Your task is to write out the entire listing exactly, omitting its pictures.

DATA SEGMENT =>
□ □ □ □

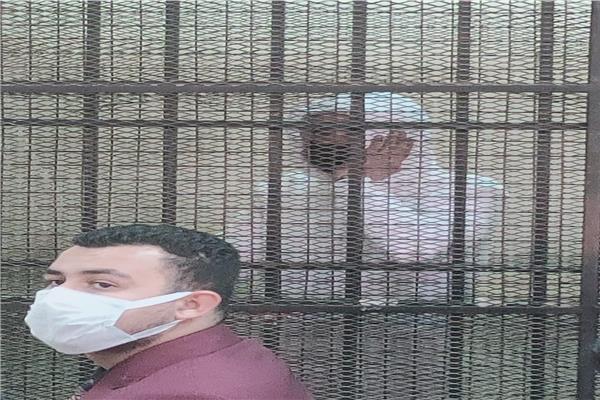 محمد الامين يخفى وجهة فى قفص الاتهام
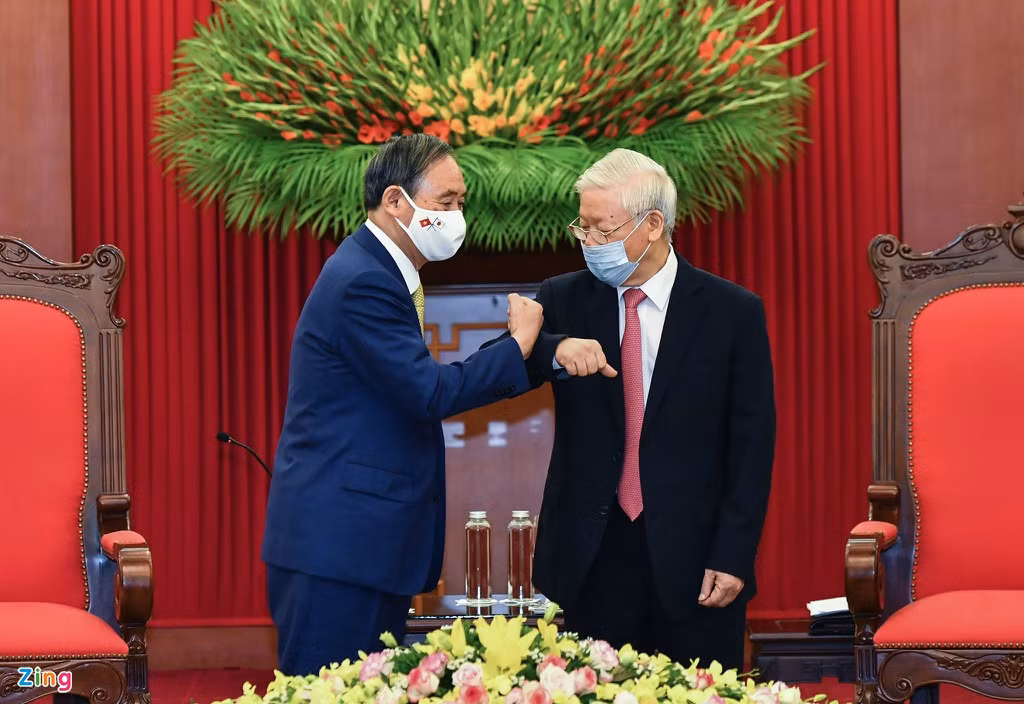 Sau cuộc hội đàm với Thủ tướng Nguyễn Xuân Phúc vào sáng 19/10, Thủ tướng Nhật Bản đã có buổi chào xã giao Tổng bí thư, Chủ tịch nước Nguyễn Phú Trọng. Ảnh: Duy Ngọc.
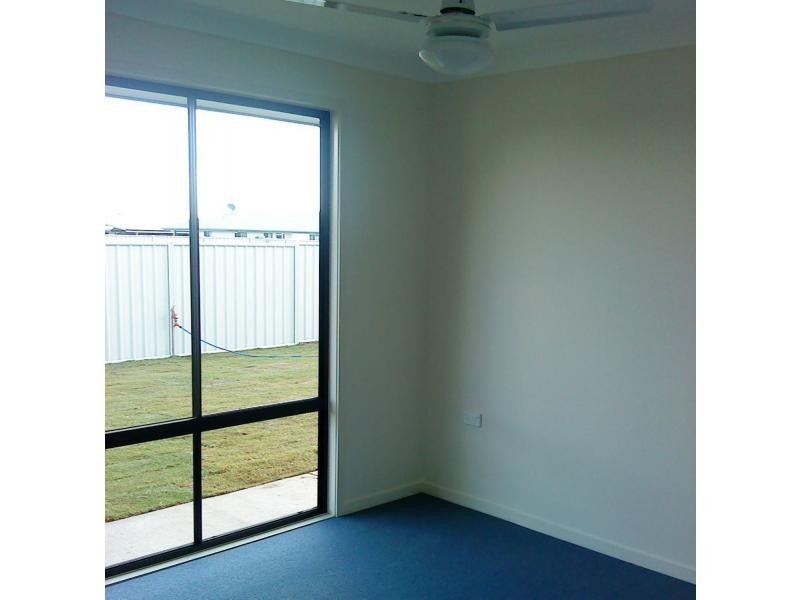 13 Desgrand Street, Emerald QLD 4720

□ □ □ □

OUTPUT OF THE EXERCISE =>
 محمد الامين يخفى وجهة فى قفص الاتهام
 Sau cuộc hội đàm với Thủ tướng Nguyễn Xuân Phúc vào sáng 19/10, Thủ tướng Nhật Bản đã có buổi chào xã giao Tổng bí thư, Chủ tịch nước Nguyễn Phú Trọng. Ảnh: Duy Ngọc.
 13 Desgrand Street, Emerald QLD 4720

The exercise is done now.